Some hypnotists will further lay the patient on the ground, suggesting that all the muscles in the patient’s body have become stiff and that the person is like a stone. When the patient’s whole body becomes tight, ask others to lift the patient up, put the head and feet on two chairs respectively, the body is suspended, ask a person to sit or stand on the patient again, call “Iron plate bridge”. Both the patient and the bystander experience this process and, of course, become more convinced that the patient has been hypnotized. But the “Iron plate bridge” process is risky, and if the patient suddenly leaves hypnosis in the middle of the process, he or she will be injured, so don’t try it easily.
(8) Time distortion :
Time can be lengthened or shortened. The hypnotist may suggest to the patient that the whole process took only 10 minutes, but it actually took more than half an hour.

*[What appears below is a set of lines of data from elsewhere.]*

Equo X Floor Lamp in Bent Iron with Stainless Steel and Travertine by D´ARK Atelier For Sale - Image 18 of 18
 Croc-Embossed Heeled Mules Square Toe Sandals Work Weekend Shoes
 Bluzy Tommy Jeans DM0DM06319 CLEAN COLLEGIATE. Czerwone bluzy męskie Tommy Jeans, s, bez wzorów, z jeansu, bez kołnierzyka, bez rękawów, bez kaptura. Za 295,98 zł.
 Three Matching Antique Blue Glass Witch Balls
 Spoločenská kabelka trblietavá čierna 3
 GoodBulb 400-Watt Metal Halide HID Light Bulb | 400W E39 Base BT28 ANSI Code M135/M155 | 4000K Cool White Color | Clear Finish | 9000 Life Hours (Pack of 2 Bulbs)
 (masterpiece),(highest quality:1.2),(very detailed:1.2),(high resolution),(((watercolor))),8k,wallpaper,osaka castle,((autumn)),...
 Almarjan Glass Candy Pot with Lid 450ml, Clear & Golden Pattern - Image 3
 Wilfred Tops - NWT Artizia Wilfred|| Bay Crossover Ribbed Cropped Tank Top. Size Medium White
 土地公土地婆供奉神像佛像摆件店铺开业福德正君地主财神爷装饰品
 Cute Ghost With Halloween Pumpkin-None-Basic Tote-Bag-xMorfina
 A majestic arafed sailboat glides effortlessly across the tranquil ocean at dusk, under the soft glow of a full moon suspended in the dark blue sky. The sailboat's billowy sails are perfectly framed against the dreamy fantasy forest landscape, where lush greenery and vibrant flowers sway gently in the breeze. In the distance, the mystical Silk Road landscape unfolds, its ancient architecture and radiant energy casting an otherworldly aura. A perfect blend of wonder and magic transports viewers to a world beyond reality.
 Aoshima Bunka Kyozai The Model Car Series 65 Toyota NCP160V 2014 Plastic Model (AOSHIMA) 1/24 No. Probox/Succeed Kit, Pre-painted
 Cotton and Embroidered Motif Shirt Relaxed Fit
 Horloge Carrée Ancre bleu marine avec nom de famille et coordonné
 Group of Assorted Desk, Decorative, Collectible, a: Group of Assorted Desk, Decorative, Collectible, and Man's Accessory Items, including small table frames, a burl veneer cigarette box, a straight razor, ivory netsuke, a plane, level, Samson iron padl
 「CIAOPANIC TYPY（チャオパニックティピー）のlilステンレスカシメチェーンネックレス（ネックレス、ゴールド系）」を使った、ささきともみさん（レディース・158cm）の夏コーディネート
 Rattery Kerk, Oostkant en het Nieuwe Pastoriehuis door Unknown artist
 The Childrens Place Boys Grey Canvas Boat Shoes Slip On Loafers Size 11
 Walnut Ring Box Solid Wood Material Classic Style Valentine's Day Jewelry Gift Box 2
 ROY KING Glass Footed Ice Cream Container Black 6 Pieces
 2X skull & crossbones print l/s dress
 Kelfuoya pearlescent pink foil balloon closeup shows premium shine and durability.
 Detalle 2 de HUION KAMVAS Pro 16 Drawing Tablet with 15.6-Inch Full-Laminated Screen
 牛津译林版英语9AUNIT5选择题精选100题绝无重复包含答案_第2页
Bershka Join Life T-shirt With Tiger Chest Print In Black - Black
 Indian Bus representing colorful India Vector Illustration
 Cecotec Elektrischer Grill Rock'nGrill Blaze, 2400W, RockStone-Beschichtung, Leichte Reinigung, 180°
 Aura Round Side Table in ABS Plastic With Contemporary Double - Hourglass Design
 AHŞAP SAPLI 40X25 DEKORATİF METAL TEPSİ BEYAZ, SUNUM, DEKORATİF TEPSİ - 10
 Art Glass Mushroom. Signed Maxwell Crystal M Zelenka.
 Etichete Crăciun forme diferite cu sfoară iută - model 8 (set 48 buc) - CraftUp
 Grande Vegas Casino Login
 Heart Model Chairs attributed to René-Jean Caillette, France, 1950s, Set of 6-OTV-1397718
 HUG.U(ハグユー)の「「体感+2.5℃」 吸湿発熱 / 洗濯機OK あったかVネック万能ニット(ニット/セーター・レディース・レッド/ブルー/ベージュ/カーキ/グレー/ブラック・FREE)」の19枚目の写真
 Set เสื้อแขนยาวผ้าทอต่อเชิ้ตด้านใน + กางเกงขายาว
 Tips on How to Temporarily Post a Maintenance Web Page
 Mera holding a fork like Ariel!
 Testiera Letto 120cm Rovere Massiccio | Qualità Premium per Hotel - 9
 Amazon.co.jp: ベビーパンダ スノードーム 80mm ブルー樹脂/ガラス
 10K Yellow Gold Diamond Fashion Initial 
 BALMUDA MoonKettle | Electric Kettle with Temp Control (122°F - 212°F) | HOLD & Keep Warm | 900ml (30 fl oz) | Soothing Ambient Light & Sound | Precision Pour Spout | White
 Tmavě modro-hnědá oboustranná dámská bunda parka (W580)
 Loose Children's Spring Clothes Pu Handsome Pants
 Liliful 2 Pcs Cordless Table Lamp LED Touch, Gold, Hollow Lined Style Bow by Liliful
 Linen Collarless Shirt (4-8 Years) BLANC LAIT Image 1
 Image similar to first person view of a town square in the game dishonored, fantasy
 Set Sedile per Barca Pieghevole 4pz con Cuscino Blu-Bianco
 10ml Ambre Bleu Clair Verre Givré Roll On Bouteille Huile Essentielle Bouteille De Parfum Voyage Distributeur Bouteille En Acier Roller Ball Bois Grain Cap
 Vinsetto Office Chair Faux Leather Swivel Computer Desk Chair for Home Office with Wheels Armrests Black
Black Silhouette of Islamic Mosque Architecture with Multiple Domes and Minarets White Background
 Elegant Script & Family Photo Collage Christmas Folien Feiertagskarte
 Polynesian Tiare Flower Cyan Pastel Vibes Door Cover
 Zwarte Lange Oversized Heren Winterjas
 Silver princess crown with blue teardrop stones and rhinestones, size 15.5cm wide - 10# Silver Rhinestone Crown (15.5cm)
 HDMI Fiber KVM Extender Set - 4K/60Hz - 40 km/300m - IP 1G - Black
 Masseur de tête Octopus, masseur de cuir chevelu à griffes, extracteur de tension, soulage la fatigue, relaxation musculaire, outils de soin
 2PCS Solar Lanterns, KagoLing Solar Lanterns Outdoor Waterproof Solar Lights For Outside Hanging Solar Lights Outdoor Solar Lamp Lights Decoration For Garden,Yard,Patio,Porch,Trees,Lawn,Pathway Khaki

(9) Amnesia and Hypermneșia :
The hypnotist can suggest that the patient has forgotten the entire hypnosis process, or a small part of what happened, causing hypnosis of amnesia. The patient may also vividly recall the memory he has forgotten.
(10) Age regression and age progression :
When Age regression, the patient is so engrossed in the past memory that it seems to relive it. Age progression is when the patient is fully integrated into the future experience as if it were happening.
In traditional hypnosis, the testing and appearance of hypnotic phenomena are used to confirm and deepen hypnosis. Most of the judgment of hypnotic phenomenon will take the form of all or nothing, if the occurrence of hallucinations is there, there is no occurrence is not. Everyone experiences different kinds of hypnosis. Some people can experience several kinds of hypnosis, while others can only experience one. Hypnotist through the process of hypnosis, understand the patient most ability to experience the hypnotic phenomenon, can be used as a treatment strategy, according to the patient experience hypnotic phenomenon ability to help patients. If a patient with a pain problem is prone to hallucinations, a hypnotist can suggest that the patient has hallucinations of pain disappearing. If amnesia is easily experienced, the hypnotist may suggest that the patient forget the pain. Therefore, the patient’s ability to experience hypnosis can be used as a therapeutic resource.